Dolin went on about the money for the nine recovery projects, “We’ve already spent the $267,000 out of the current budget; that normally would have been used to pave roads. Now, we will be able to proceed with our normal paving.”

He concluded of the governor’s announcement, “I think it’s welcome and shows a sensitivity to what small, rural communities were faced with after the storm. Even though the FEMA funds were substantial, it would have left the town with $100,000 to pay on its own.”

“For a small community, this is huge,” said Berne Supervisor Kevin Crosier.

He estimated that Berne has $400,000 to $500,000 worth of repairs to do. Rebuilding the West Woodstock bridge alone, he said, is costing $120,000.

“I’d like to thank the governor for having the forethought to do this,” Crosier said. “He’s trying to put the state in fiscal shape, but it’s still important to help small communities.”

Crosier went on to point out that Berne’s only revenues are from sales tax and property taxes. “We try to keep it low,” he said of property taxes. “This is a huge relief for residents, who won’t have to pick up that tab.”

Westerlo’s supervisor, Richard Rapp, said his town had “better than a million dollars” worth of repairs. “We’re spending plenty,” he said. “We had to borrow money to do it.”

He went on about storm damage, “We got clobbered.” Lobdell Mill road is still closed, he said, and other roads that sustained severe damage, including Pine Valley, Boomhower, and Tan Hollow, are open but were costly to repair.

“FEMA has been here,” said Rapp. “They’re coming back next week. They pay the state and we get the money from the state.”

Of yesterday’s announcement that the state will pick up the local share, Rapp said, “I’m very happy.”

“It is welcome news,” agreed Knox’s supervisor, Michael Hammond. “It certainly will help.”

Knox’s highway superintendent, Gary Salisbury, is still completing project worksheets for FEMA but estimated that repair costs for Knox will total about $75,000.

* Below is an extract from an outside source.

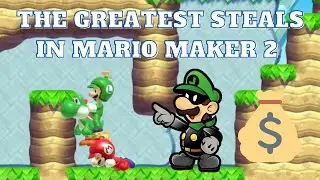 The Greatest Steals in Super Mario Maker 2 Multiplayer / Funny Moments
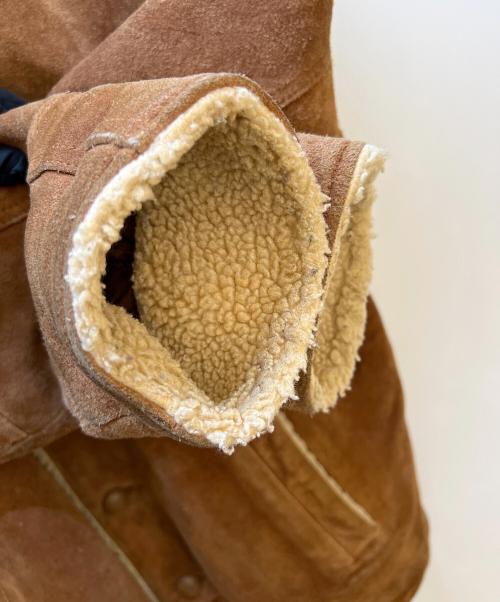 UNITED WORKERS（ユナイテッドワーカーズ）UNITED WORKERS (ユナイテッドワーカーズ) ムートンジャケット ブラウン サイズ:42の古着・服飾アイテム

“We had some pretty severe damage,” he said, noting that Line Road is still closed. Cross and Quay roads also “suffered a lot,” he said. “The rest was scattered around town.”

Asked abut Knox’s expenses being so much lower than the other Hilltowns, Salisbury said, “Over the years, we’ve just learned to work cheap, so we don’t make out with federal money…It’s just very efficient how we do things. We don’t have a lot of time. We just go in and do it. That’s what keeps the numbers down.”